Exercise objective -> Word for word, transcribe the lines below and drop the pictures.

Supplied material ->
++++++

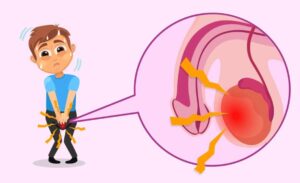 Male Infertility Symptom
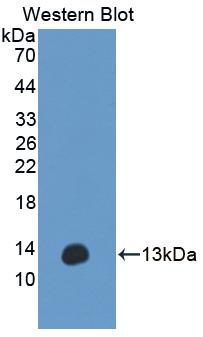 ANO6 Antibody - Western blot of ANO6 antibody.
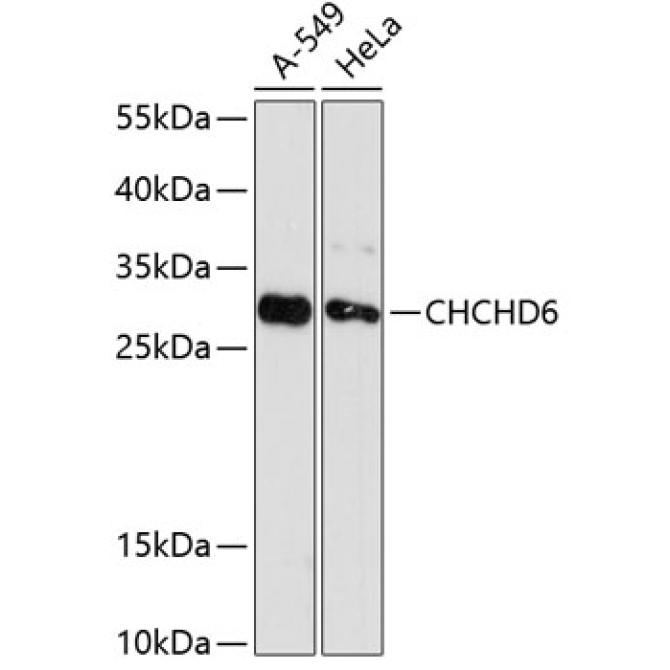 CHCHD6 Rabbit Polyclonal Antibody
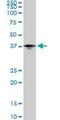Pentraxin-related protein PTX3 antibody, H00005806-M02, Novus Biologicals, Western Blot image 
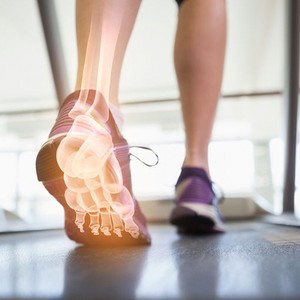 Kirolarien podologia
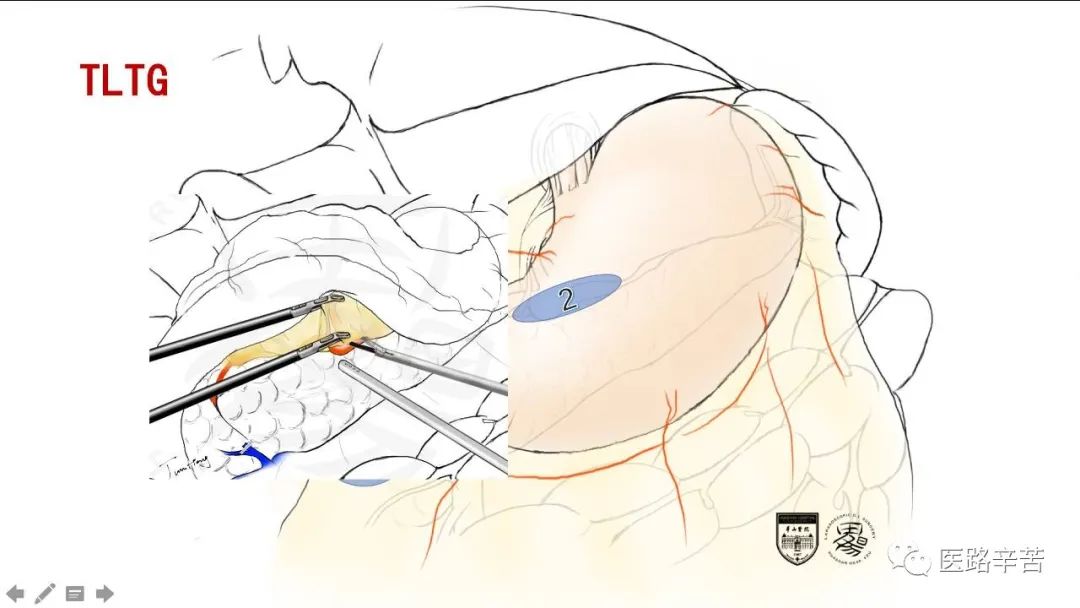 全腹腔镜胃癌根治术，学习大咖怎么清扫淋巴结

++++++

Written response ->
 Male Infertility Symptom
 ANO6 Antibody - Western blot of ANO6 antibody.
 CHCHD6 Rabbit Polyclonal Antibody
Pentraxin-related protein PTX3 antibody, H00005806-M02, Novus Biologicals, Western Blot image 
 Kirolarien podologia
 全腹腔镜胃癌根治术，学习大咖怎么清扫淋巴结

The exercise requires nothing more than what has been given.